Closed sslupsky closed 4 years ago
@sslupsky Please provide information how to reproduce with an in-tree sample or a diff with your changes in samples/basic/blinky
(?).
@jfischer-phytec-iot I believe you can use the samples/basic/blinky to reproduce the problem. I've added a low power state to my board and I forced the power state to active during the testing I described above, so I think it should not be affecting anything.
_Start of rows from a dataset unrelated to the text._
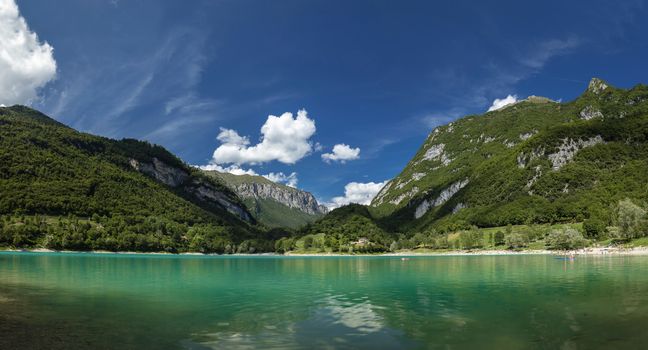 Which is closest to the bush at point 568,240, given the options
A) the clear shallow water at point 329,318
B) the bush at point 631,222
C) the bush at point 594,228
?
the bush at point 594,228

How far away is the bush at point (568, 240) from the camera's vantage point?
559ft

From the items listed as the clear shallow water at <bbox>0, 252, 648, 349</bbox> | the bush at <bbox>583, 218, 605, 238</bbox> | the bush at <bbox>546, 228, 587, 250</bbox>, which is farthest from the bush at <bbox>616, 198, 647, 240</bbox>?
the clear shallow water at <bbox>0, 252, 648, 349</bbox>

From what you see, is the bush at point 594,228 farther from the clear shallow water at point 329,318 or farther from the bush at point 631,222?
the clear shallow water at point 329,318

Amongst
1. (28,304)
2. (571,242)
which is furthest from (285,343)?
(571,242)

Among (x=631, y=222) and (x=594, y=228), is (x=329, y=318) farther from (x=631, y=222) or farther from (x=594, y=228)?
(x=594, y=228)

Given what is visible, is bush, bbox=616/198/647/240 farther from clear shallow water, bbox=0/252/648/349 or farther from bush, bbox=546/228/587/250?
clear shallow water, bbox=0/252/648/349

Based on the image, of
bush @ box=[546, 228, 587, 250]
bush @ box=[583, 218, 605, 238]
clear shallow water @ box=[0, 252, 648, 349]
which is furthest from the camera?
bush @ box=[583, 218, 605, 238]

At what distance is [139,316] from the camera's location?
2877cm

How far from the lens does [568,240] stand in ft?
568

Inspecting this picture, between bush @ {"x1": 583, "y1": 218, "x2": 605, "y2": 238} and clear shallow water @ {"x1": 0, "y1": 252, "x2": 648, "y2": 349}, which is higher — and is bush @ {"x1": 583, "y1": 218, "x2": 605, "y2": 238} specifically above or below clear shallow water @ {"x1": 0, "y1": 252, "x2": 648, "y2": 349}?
below

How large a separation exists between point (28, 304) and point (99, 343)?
18528 millimetres

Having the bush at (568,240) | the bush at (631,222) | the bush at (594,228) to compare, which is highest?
the bush at (631,222)

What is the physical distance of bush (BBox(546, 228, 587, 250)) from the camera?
170375mm

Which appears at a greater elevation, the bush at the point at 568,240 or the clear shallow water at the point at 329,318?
the clear shallow water at the point at 329,318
Here is the diff for main.c:
11,21d10
< #include <sys/printk.h>
< #include <shell/shell.h>
< #include <shell/shell_uart.h>
< #include <version.h>
< #include <logging/log.h>
< #include <stdlib.h>
<
< #include <power/power.h>
< #include <usb/usb_device.h>
< #include <soc.h>
<
28,29d16
< LOG_MODULE_REGISTER(app);
<
39,40d25
< sys_pm_force_power_state(SYS_POWER_STATE_ACTIVE);
<
48,63d32
<
< static int cmd_sleep(const struct shell *shell, size_t argc, char **argv)
< {
< ARG_UNUSED(argc);
< ARG_UNUSED(argv);
<
< ADC->CTRLA.bit.ENABLE = 0;
< usb_dc_detach();
< sys_pm_force_power_state(SYS_POWER_STATE_AUTO);
<
< return 0;
< }
<
<
< // Create root command "sleep"
< SHELL_CMD_ARG_REGISTER(sleep, NULL, "enable power management", cmd_sleep, 1, 0);
Here is my prj.conf:
# Drivers
CONFIG_ADC=y
CONFIG_ADC_0=y
CONFIG_I2C=y
CONFIG_FLASH=y
CONFIG_USB_DEVICE_STACK=y
CONFIG_USB_CDC_ACM=y
CONFIG_USB_DEVICE_PRODUCT="Scanimetrics WiTAP ISB"
# Shell
CONFIG_SHELL=y
CONFIG_ADC_SHELL=y
CONFIG_GPIO_SHELL=y
CONFIG_FLASH_SHELL=y
CONFIG_UART_SHELL_ON_DEV_NAME="CDC_ACM_0"
# Logging
# CONFIG_PRINTK=y
CONFIG_LOG=y
# CPP support
#CONFIG_CPLUSPLUS=y
and this is my board defconfig:
# SPDX-License-Identifier: Apache-2.0
CONFIG_ARM=y
CONFIG_SOC_FAMILY_SAM0=y
CONFIG_SOC_SERIES_SAMD21=y
CONFIG_SOC_PART_NUMBER_SAMD21G18A=y
CONFIG_BOARD_SCANIMETRICS_WITAP_ISB=y
CONFIG_USE_CODE_PARTITION=y
CONFIG_SOC_ATMEL_SAMD_XOSC32K=y
CONFIG_SOC_ATMEL_SAMD_XOSC32K_AS_MAIN=y
CONFIG_CORTEX_M_SYSTICK=n
CONFIG_SAM0_RTC_TIMER=y
CONFIG_SYS_CLOCK_HW_CYCLES_PER_SEC=32768
CONFIG_SYS_CLOCK_TICKS_PER_SEC=1000
CONFIG_SYS_POWER_MANAGEMENT=y
CONFIG_SYS_POWER_SLEEP_STATES=y
CONFIG_SYS_PM_MIN_RESIDENCY_SLEEP_1=1
CONFIG_SYS_PM_MIN_RESIDENCY_SLEEP_2=10
CONFIG_CONSOLE=y
CONFIG_UART_CONSOLE=y
CONFIG_USB_UART_CONSOLE=y
CONFIG_SERIAL=y
CONFIG_UART_SAM0=y
CONFIG_UART_INTERRUPT_DRIVEN=y
CONFIG_GPIO=y
CONFIG_GPIO_SAM0=y
CONFIG_WATCHDOG=y
CONFIG_WDT_SAM0=y
CONFIG_SPI=n
CONFIG_SPI_SAM0=n
CONFIG_PINMUX=y
CONFIG_PINMUX_SAM0=y
CONFIG_USB=y
CONFIG_USB_DC_SAM0=y
@nzmichaelh or @benpicco do you have any additional insight in this issue?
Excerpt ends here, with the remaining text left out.